Dr. Yaguo Wang (yaguo.wang@austin.utexas.edu)

Department of Mechanical Engineering, University of TEXAS at Austin

德州大学Austin分校机械工程系王亚果博士

【报告时间和地点】 2016年6月7日星期二下午16:00 力学一楼504教室

【主办】工程科学学院热科学和能源工程系

【摘要】

作为基本粒子,电子和声子的动力学和输运性质决定了现代电子技术的性能。例如,在光电技术中的超快光电探测器,激发载流子的弛豫时间决定了检测器的响应时间,载流子的扩散长度控制它的旅行距离,因此决定了检测的效率和灵敏度。声子是量子化的晶格振动准粒子。声子可以与电子相互作用,声子输运决定半导体器件的热学性能。电子-声子动力学通常发生在超快时间尺度,例如飞秒(10e-15秒)到皮秒(10e-12秒)级别,不能用传统的稳态测量方法捕获。飞秒激光光谱法可以提供飞秒级别的时间分辨率,并已被用来探测电子/声子的传输的细节。

As fundamental particles, dynamics and transport properties of electrons and phonons determine the performance of modern electronics. For example, in optoelectronics, such as ultrafast photodetectors, relaxation time of excited carriers measures how fast the detector can respond, carrier diffusion length controls how far carriers can travel and hence the efficiency and sensitivity. Phonons are quasiparticles derived from quantized lattice vibrations. Phonons can interact with electrons and phonon transport determines thermal properties of semiconductor devices. Electron/phonon dynamics usually occur in ultrafast time scale, e.g. femtosecond (10-15 s) to picosecond (10-12 s) regime, which could not be captured with traditional steady-state measurements. Pump-probe spectroscopy with femtosecond lasers can provide fs time resolution and has been utilized to detect electron/phonon transport with great details.

本次讲座将展示三个电子-声子输运现象的探测光谱研究实例。首先,将光栅成像技术应用于标准的飞秒激光探测光谱仪,研究了石墨烯的光激发载流子的弛豫和扩散过程。光激发载流子的迁移率比室温下的霍尔迁移率和场效应迁移率高几个数量级,这显示出光激发载流子与平衡载流子有明显不同的行为。其次,对热电材料的声子输运问题进行研究,观察到了强的界面散射和量子限制效应。最后,讨论了纳米金属薄膜的平面和跨平面的热传导率的表征方法。

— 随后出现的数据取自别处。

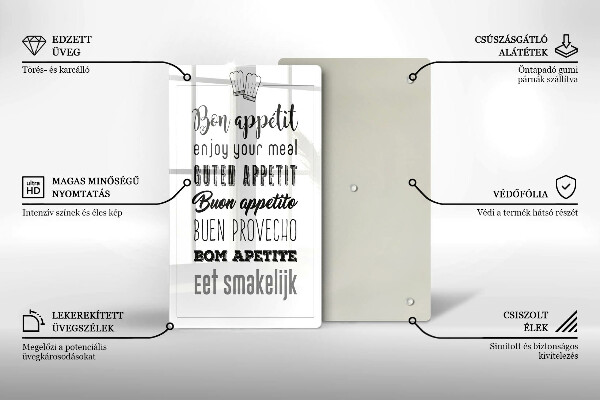 Üveg vágódeszka Konyhai felirat mondván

This talk will demonstrate three examples of electron/phonon transport studied with pump-probe spectroscopies. Firstly, photo-excited carrier relaxation and diffusion process in graphene are probed by incorporating a grating imaging technique into standard femtosecond laser pump-probe spectrometer. The mobility of photo-excited carriers are several orders larger than Hall mobility and Field-Effect mobility measured at room temperature, indicating the remarkably different behavior of photo-excited carriers versus equilibrium carriers, as well as the necessity to use photo-carrier transport properties for optoelecronics. Secondly, phonon transport in thermoelectric materials will be discussed, where strong interface scattering and quantum confinement effect have been observed. Lastly, characterization of both in-plane and cross-plane thermal conductivities in nano metal films with nanosecond laser spectroscopy will be demonstrated.

【个人简介】

Yaguo Wang is currently an Assistant Professor of Mechanical Engineering department at University of Texas at Austin. Dr. Wang received her Bachelor's degree in Safety Science and Engineering at the University of Science and Technology of China (USTC) in 2005 and her Ph.D. degree from the Department of Mechanical Engineering, Purdue University, Indiana, in 2011. After one-year's postdoctoral experience at Purdue University, she joined UT Austin in January 2013. Dr. Wang received CAREER award from National Science Foundation in 2014. Dr. Wang's group studies a broad spectrum of topics with laser spectroscopies, including phonon transport in nanostructures, carrier transport in 2D materials, thermoelectrics, thermal transport in extreme environments, etc. She is also interested in atomistic simulations of energy-conversion materials and thermal management in nanoelectronics.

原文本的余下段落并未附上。